There is a lake somewhere in Africa or India that turns over once a year. All the debris from the bottom is washed up into the light of day. Something like that is happening to me.

I have lost three pounds. Not much for two weeks of more controlled eating. It is taking me a long time to get back into the swing of things. A "clean" kitchen and pantry do not happen overnight. I am using up the items I bought that are not so beneficial for me. As these run out I buy the healthy stuff. (Once again I am delighted to realize meat and veg are cheaper than processed food.) I don't care that I am off to a slow start. This is not so much about weight loss this time. It is about surrendering my desire to have what I want when I want it. I have spent years gratifying most of my desires. The fact that my desires are modest does not mitigate my out of controlness. With money also. Just because we are not dead broke does not excuse my buying stuff I should not be buying. I want a better life. I can envision the life I want. I have a promise from God for a better life, IF I DO MY PART. I am going to do my part. I am going to be out of debt (minimal prob) and thinner (maximal prob). I am asking God for help every step of the way.

I am a person who likes order. I have felt bad about this desire even while realizing it is a God given part of my personality. Hard to live an out of control life while loving order. Makes me hate myself. I finally get it. God is not a god of chaos. My need for order is a blessed state. I can pursue order to my heart's content. Order not perfectionism. Order leaves margin for error. Mine and other people's. Perfectionism brooks no failure anytime, anyplace or in anyone.
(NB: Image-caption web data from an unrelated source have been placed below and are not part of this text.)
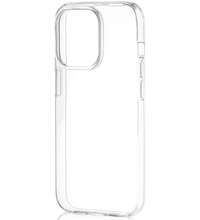 Чехол для iPhone 14 Pro Max Brosco Transparent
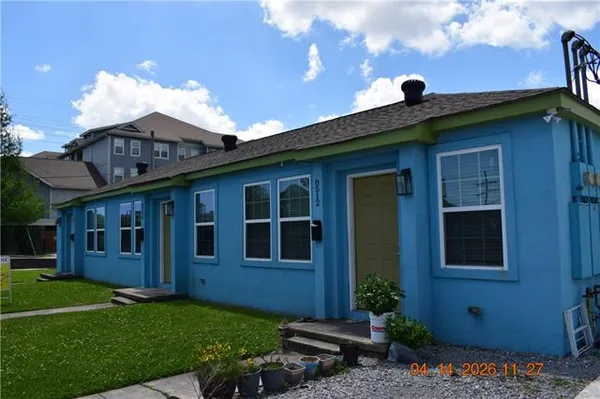 $950 | 8508 Palmetto Street, New Orleans, LA 70118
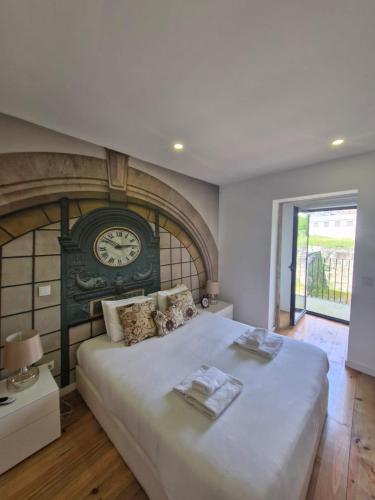 Campanhã Clock House with terrace — 4-Star Luxury Hotel in Porto, Portugal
Back to doing my part. I am making change one baby step (thanks Vickie) at a time. Order is motivated baby steps. Perfectionism is turning the world upside down for overwhelming immediate change.
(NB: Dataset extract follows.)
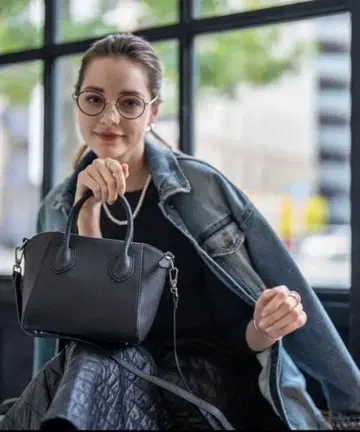 헤이니 HAYNI 시에나 S 사이즈 핸드백 2way 숄더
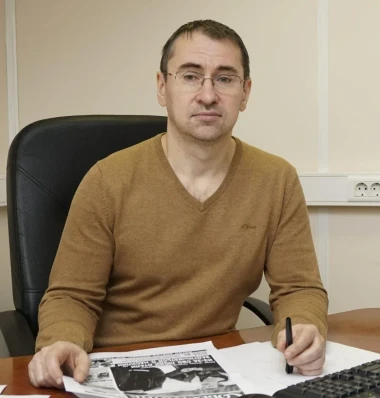 Олег Ролдугин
First Baby Step: I pray daily for patience and perseverance. I have outlined my weak areas. I pray in the mornings for God to strengthen me in these specific areas. That is it for now

Animals are fine. Abby new cat is getting cuter and cuter. Weather is cold. Way below zero most mornings. Has warmed up and is snowing. Is that better? Not sure. Husband has cabin fever. Mee too. Okay off to the races. See you next week.

Lynn

2 comments:

Vickie said...

three pounds in two weeks is NOT SLOW.

And it is NOT "not much".

That is actually FAST.

Do not look at the calendar when looking at the scale.

the scale is there (in my opinion) to tell us if the habits are working (we are going the right direction).

And then the focus is on the daily habits. TODAY. Each minute of TODAY. The habits.

Anonymous said...

Dear Ethel,

Love thyself, and leave perfection to God. Mere mortals just make themselves crazy-making when trying to be God.